### WHAT THE TASK REQUIRES
The word "Hotel" may appear in some lines of the data; copy every such line.

### RECORDS FOR THIS TASK
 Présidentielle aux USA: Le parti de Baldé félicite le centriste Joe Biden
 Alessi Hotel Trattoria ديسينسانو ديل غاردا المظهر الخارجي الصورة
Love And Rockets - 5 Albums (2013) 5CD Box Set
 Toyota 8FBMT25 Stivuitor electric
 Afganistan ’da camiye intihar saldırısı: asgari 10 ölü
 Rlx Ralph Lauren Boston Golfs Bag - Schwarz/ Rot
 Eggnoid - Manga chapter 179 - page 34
==
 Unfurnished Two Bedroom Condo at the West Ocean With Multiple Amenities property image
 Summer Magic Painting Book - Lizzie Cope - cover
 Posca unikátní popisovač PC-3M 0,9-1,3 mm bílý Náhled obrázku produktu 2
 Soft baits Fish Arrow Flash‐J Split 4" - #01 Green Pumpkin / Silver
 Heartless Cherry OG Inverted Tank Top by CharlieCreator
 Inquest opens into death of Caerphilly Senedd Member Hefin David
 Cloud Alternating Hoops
---
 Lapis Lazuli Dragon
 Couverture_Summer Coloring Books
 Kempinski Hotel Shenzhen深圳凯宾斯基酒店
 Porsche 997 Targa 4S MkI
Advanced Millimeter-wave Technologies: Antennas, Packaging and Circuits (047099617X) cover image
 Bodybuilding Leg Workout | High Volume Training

### EXPECTED ANSWER
 Alessi Hotel Trattoria ديسينسانو ديل غاردا المظهر الخارجي الصورة
 Kempinski Hotel Shenzhen深圳凯宾斯基酒店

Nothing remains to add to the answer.